Anyway, that’s what I’ve got at the moment as far as your question is concerned.

(I like infinitism, myself.)

-FrL-

This entire question is all about assertions, since it has been said several times that there is no way to “justify” or “prove” anything without first asserting an epistemology. Things with minds can deliberately deceive, things without minds cannot: this is my assertion. I cannot prove it. I am simply explaining why I, personally, dismiss such solipsistic nonsense as being as absurd as (A&-A). And I agree that old Immanuel was a complete Kant - strange that you should choose his philosophy of transcendental idealism if you feel the same way.

Actually, I contend that there is no such thing as knowledge. There is only stored information and permuted instances thereof, encoded via language. At best, there is such a thing as belief (ie. an output configuration accompanied by a “truth” decision, rather like in telecommunication decoding), but “knowledge”? When I say I “know” my own name, I access memory of a linguistic sound which my parents mouthed at me repeatedly from birth. This is not, I think, the “knowledge” you speak of and is, I suppose, where I stray from “supervenience” physicalism into outright eliminativism. Of course “knowledge” requires a “mind”, just as a computer program requires a computer - that is simply tautological. My contention was that a mind-based reality is explanatorily deficient since it does not explain mind’s origin.

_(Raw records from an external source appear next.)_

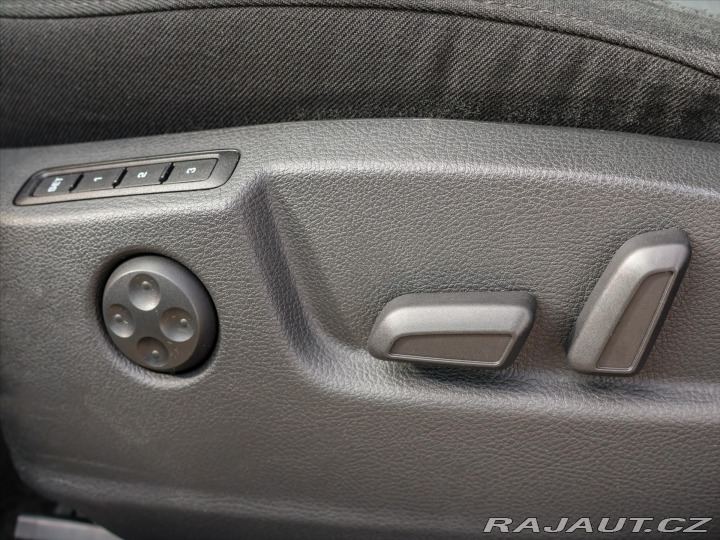 Škoda Superb 2,0 TDI Exclusive Xenon 1 2013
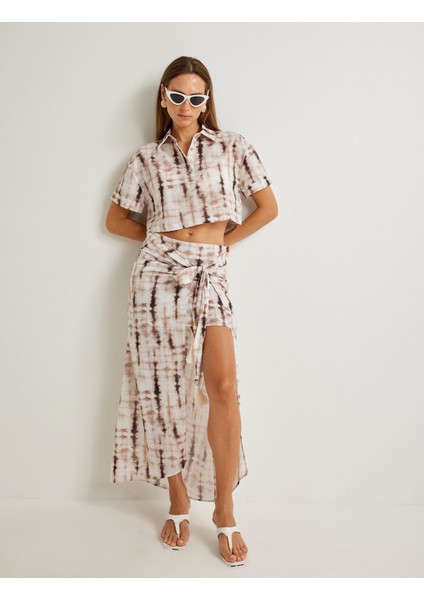 x Şahika Ercümen - Crop Polo Yaka Tişört Kısa Kollu Batik Desenli fiyatları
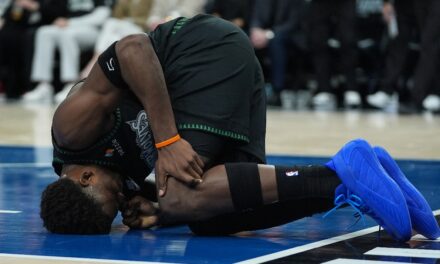 Anthony Edwards no tiene daños en la rodilla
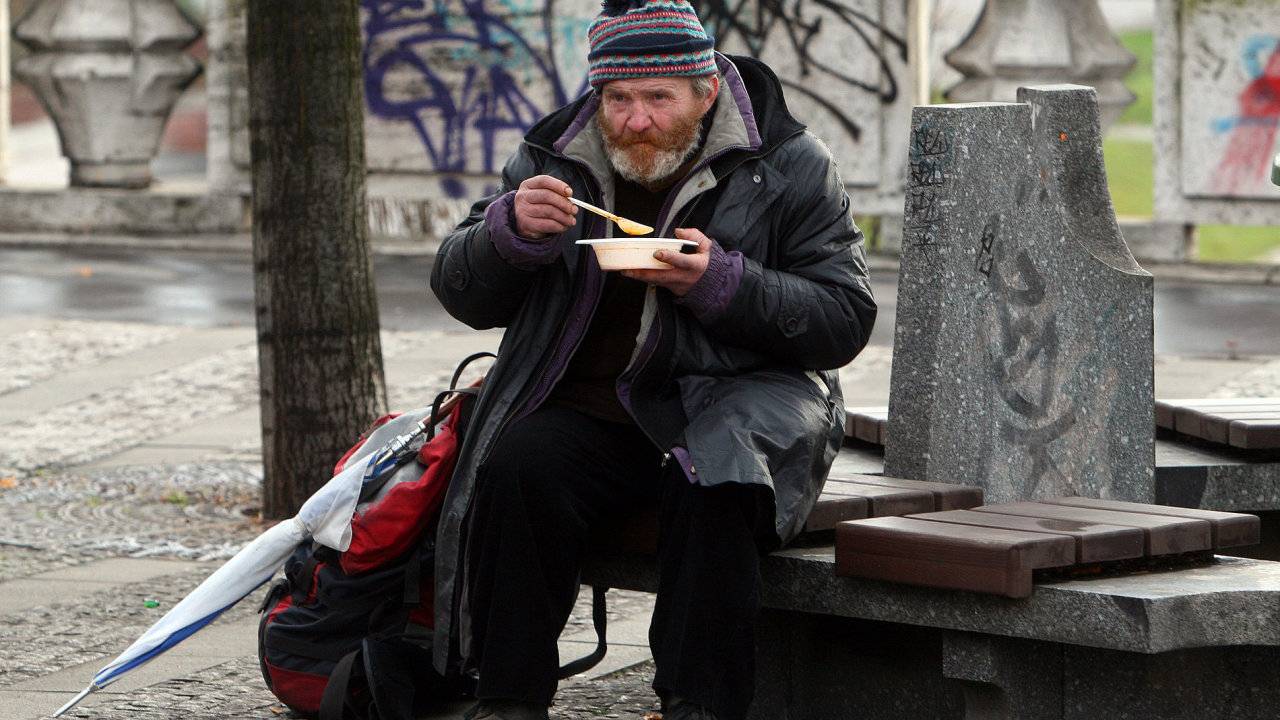 Bezdomovec na pražském nábøeží
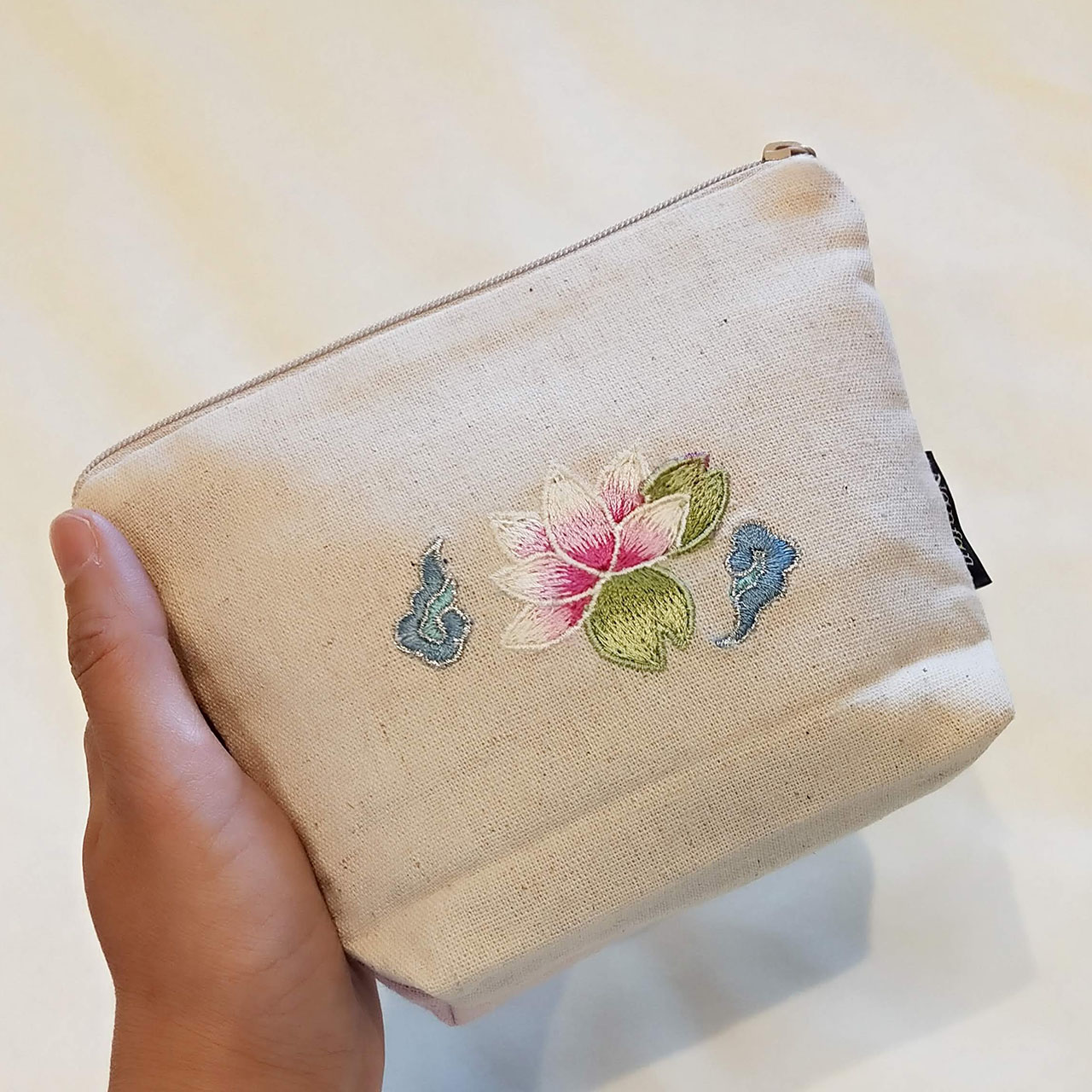 刺繍ポーチ（HASU)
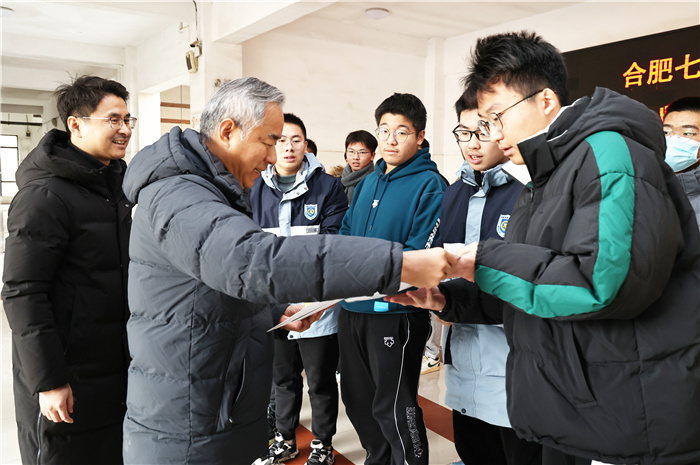 合肥七中高二年級(jí)開(kāi)展“我是金牌講題人”講題大賽活動(dòng)(圖2) 合肥七中高二年級(jí)開(kāi)展“我是金牌講題人”講題大賽活動(dòng)(圖2)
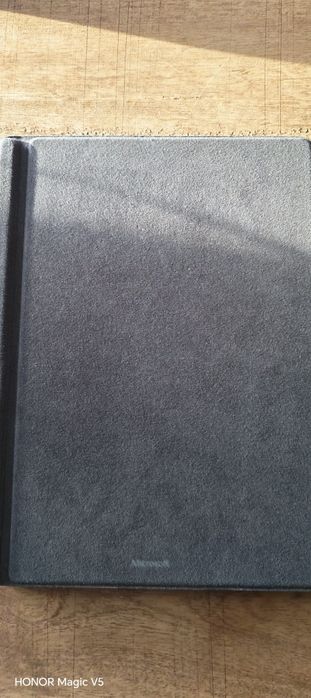 Microsoft Surface Pro x SQ1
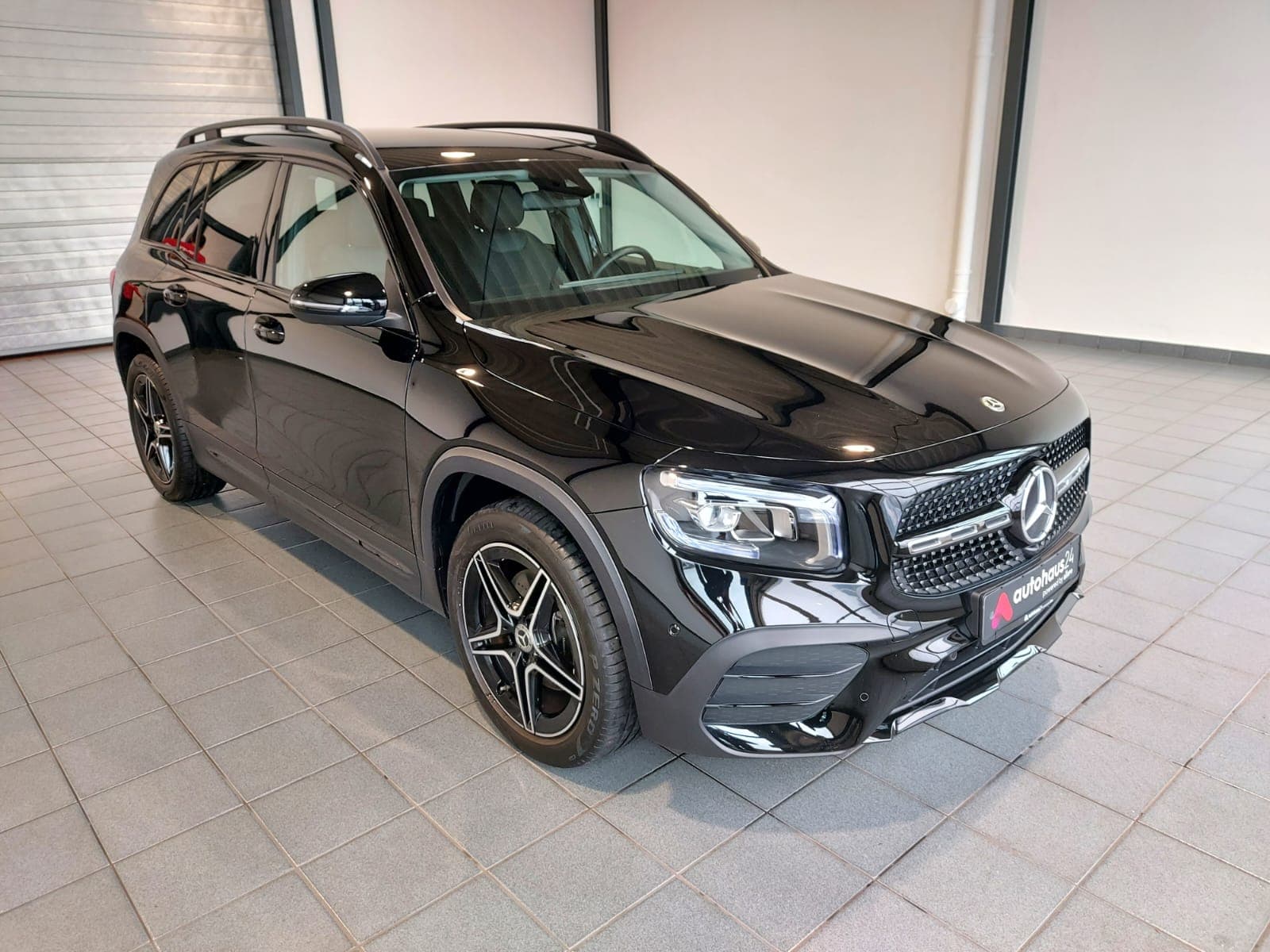 Mercedes-Benz GLB-Klasse SUV / Crossover / Geländewagen MERCEDES GLB GLB 180 DCT Sports Utility Vehicle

Well, erl, I think I must leave the floor to you to describe your position, for our audience and my recollection. If you could answer the following questions in the course of it I would be grateful:[ul][li]The universe existed for 13.7 billion years without any minds. Agreed?[/li][li]Dead brains don’t think. Agreed?[/li][li]Cognitive science and neuropsychology explain a great deal about the mind. Agreed?[/li]Fundamentally, where do we truly disagree? What do you consider that physicalism cannot explain? If I gave the physicalist answer to all of your questions, would proposing further entities not violate the principle of Ockham’s razor? Indeed, does any position proposing the existence of both the physical and the non-physical not invite a veritable slashing therewith?[/ul]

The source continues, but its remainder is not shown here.